I ain't touchin' that one. I don't look none too good wearing concrete.


Luzerne County Controller: Steve Flood? Or Maryanne Petrilla?

I honesty believe that Flood's pit bullish style was exactly what we needed when Ren & Stimpy, sorry, when Makowski and Pizano were ruling the county roost and spending the county into oblivion. I openly supported the guy, voted for him and then cheered him on as he locked horns with those shameless spenders. And in time, quite honestly, I got kinda tired of the non-stop rancor, the subpoenas and the law suits, or threats thereof.

And when Vodd Tonderheid and that little guy...what's his name, oh, Skrep took office, I figured that things would settle down under the rotunda. But, much to my surprise, the rancor continued unabated. Todd and Skrep both seem like reasonable guys to this casual observer of the courthouse goings-on, so I had to blame the continuing strife squarely upon Steve Flood's shoulders. I don't know. With a new mayor in place, the city seemed to be quieting down. And I had hoped to see the courthouse return to some sense of normalcy. But it seemed to me that with Flood in the mix, every working day presented yet another wailing klaxon that had Flood vectoring for another kill shot.

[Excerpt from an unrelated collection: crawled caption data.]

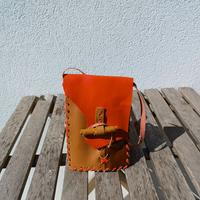 Scarsella rossa fatta a mano in pelle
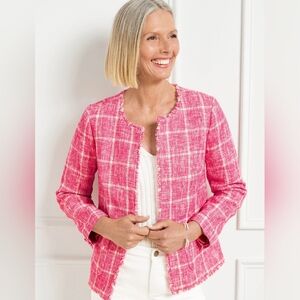 Talbots Twisted Windowpane Pink And White Tweed  Jacket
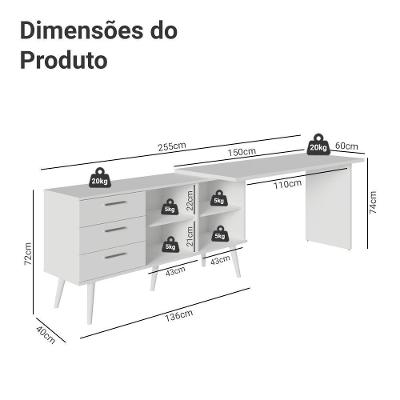 Escrivaninha Em L Mesa Para Computador Gamer 3 Gavetas Branco Lisboa Madesa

After being subjected to the initial wave of Maryanne Petrilla's election ads, I thought that she sounded like a reasonable person herself. And it almost became a toss-up in my mind. Flood has proven himself to be the taxpayer's watchdog he promised to be. But he's an abrasive sort of cuss. And I got to thinking that, maybe, just maybe this Petrilla lady could be a kinder, gentler county controller.

And then WILK put her second election ad into heavy rotation. And I was immediately turned off by it. Way off. To begin with, I knew the claim that he had "taken the fifth" was poppycock. And I was annoyed with the ads claim that Flood's personal finances are a mess. As far as I know, he's a successful businessman. And I really don't care what his personal finances were like when the USFL announced that then Heisman Trophy winner, Herschel Walker, had just signed with the New Jersey Generals. Besides, the issue at hand is not Steve Flood's personal affairs. The issue is whether or not he's been an effective controller. Putting all of his bombastic shenanigans aside, I think he has been an effective county controller. And then some.

I know Ed Mitchell is the go-to political guru in these parts, but I think he went and produced himself a dud with this political ad. We shall see. In one breath Petrilla promised to bring civility to the office. And in the very next breath she took negativity to a height previously thought of as being unreachable. Right then and there I knew she not someone I wanted to vote for. And while gabbing with Kev & Nancy yesterday on WILK, Petrilla was blind-sided when Flood called in and went right after her. All of a sudden, the smooth talking hopeful was stammering and searching for her words. And when Flood challenged her to a lengthy debate, she neglected to jump at the chance.

She practically accused him of everything under the sun in her radio ads. But her misrepresentations were indefensible when the taxpayer's watchdog came a snarling at her in response. That's what I heard.

I'm voting for Steve Flood.

Nope

Gotta jet.

Cheer up Phils fans. There's always those Philadelphia Bills, er, those Buffalo Eagles to look forward to.